There are a couple of ways you could do this. The first thing that comes to mind is np.einsum:

# some fake data
gen = np.random.RandomState(0)
ni, nj, nk = 10, 20, 100
U = gen.randn(ni, nj, nk)
V = gen.randn(nj, nk)

res1 = np.zeros((ni, nk))
for k in range(nk):
    res1[:,k] = U[:,:,k].dot(V[:,k])

res2 = np.einsum('ijk,jk->ik', U, V)

print(np.allclose(res1, res2))
# True

np.einsum uses Einstein notation to express tensor contractions.

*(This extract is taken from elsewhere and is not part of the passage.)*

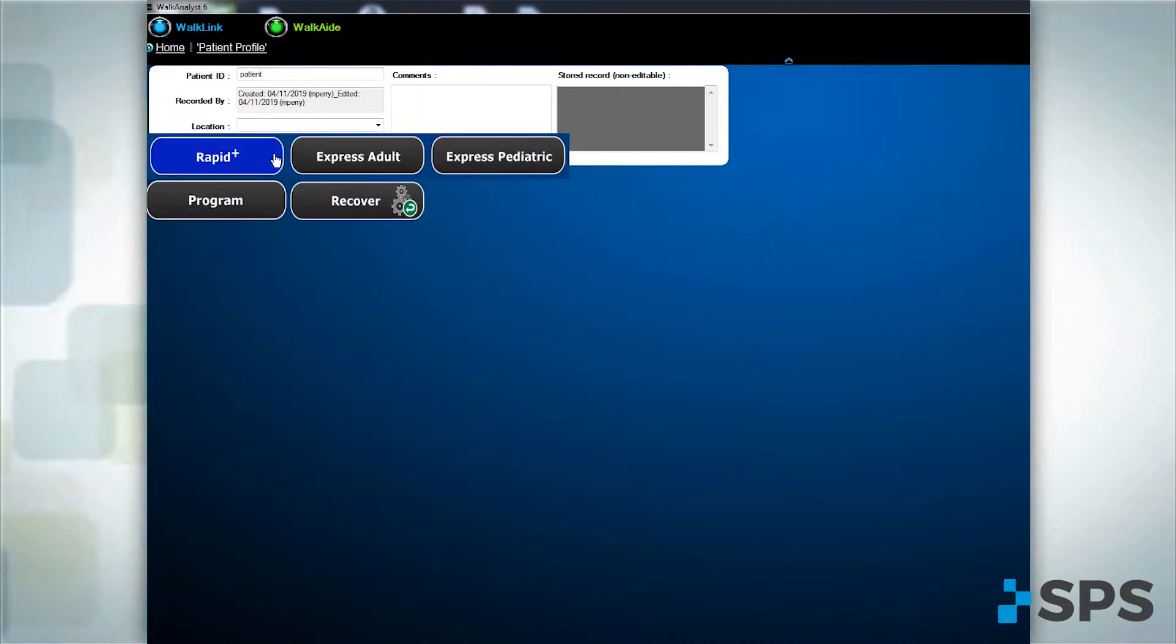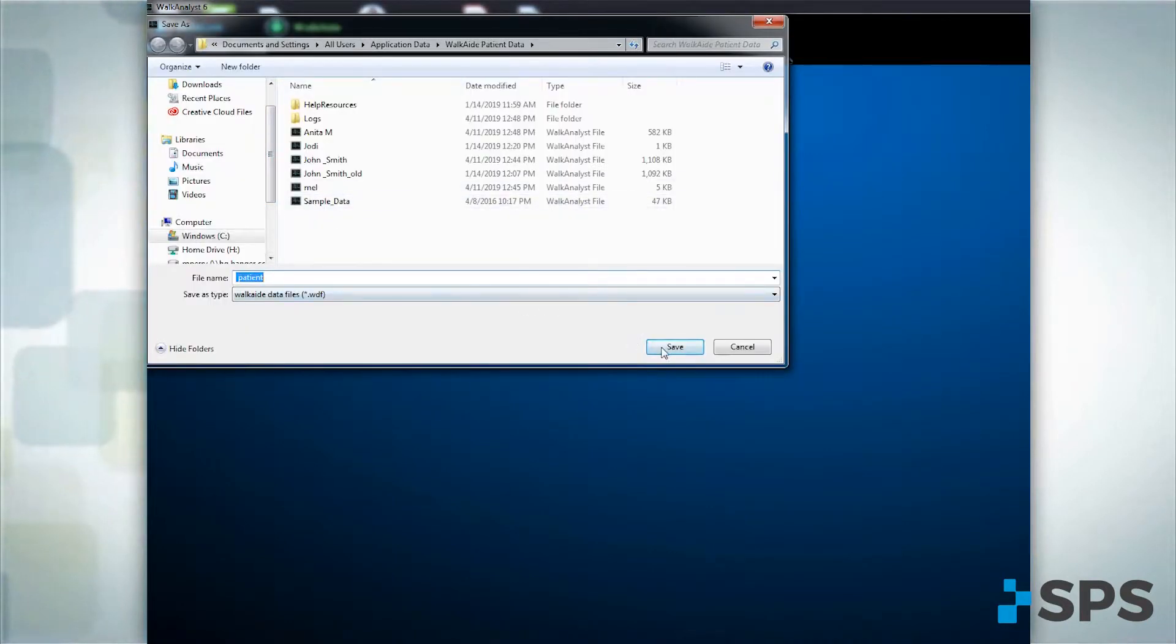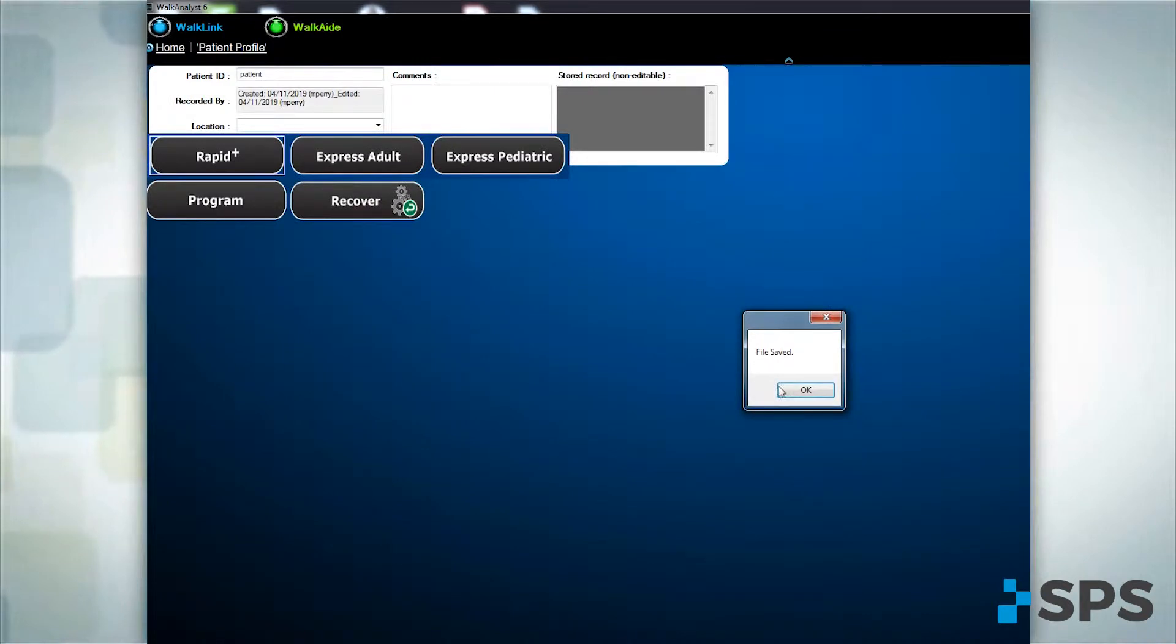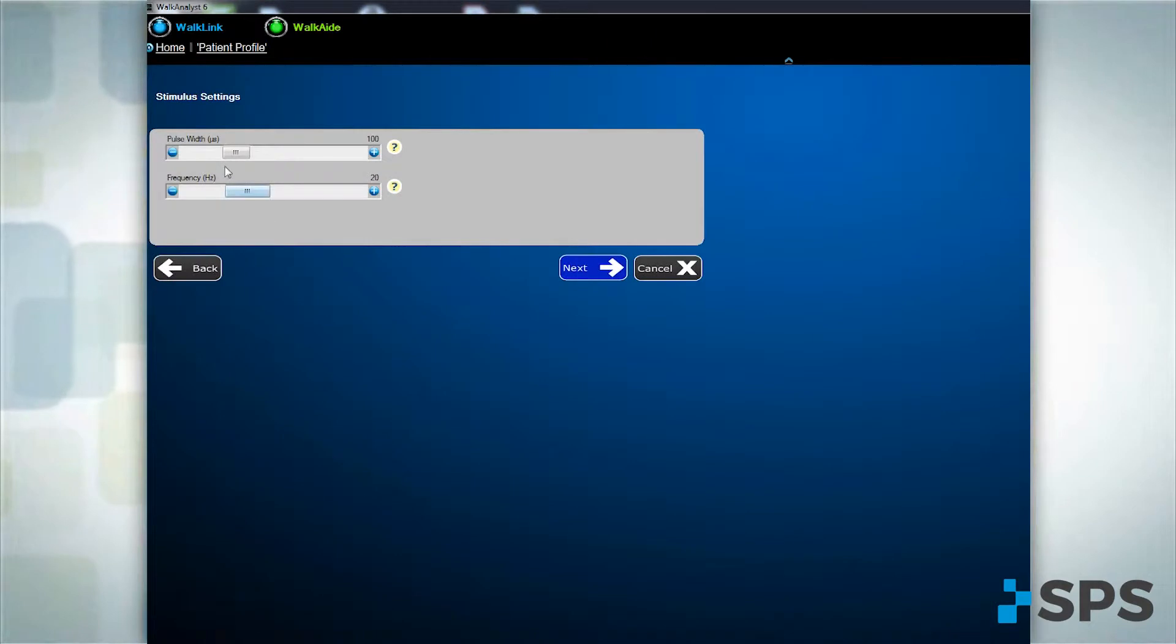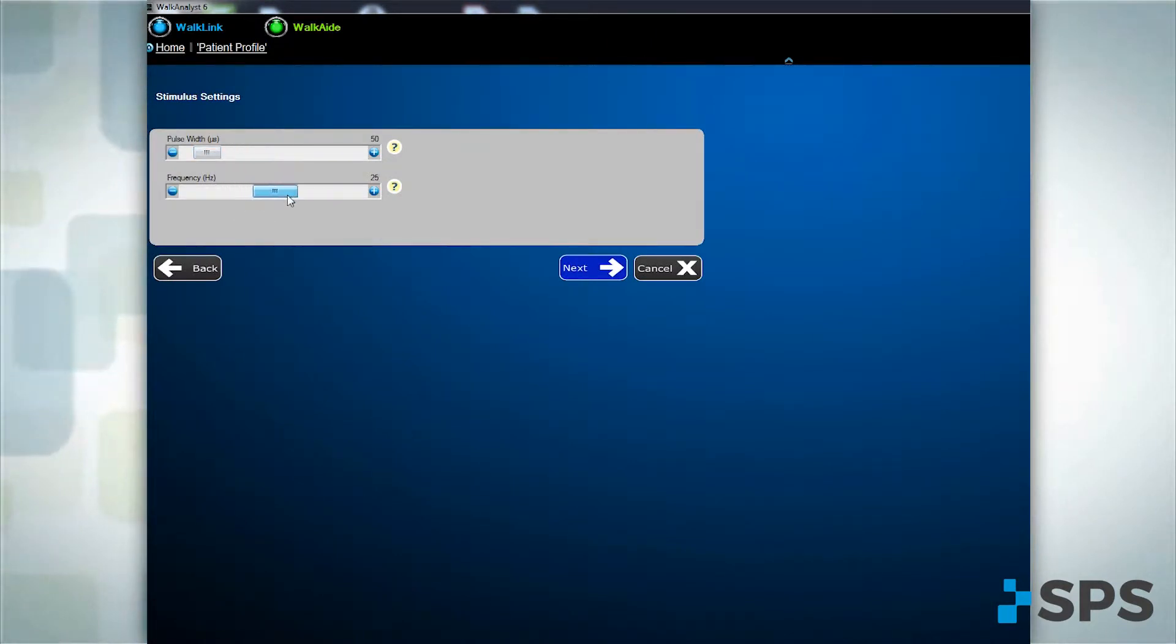Confirm the location where the file will be saved and click save. The WalkAid system is now ready for data collection. In the stimulus setting window, you have the ability to adjust stimulation parameters. You are now ready for walking data collection.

In the expression 'ijk,jk->ik' above, i,j and k are subscripts that correspond to the different dimensions of U and V. Each comma-separated grouping corresponds to one of the operands passed to np.einsum (in this case U has dimensions ijk and V has dimensions jk). The '->ik' part specifies the dimensions of the output array. Any dimensions with subscripts that aren't present in the output string are summed over.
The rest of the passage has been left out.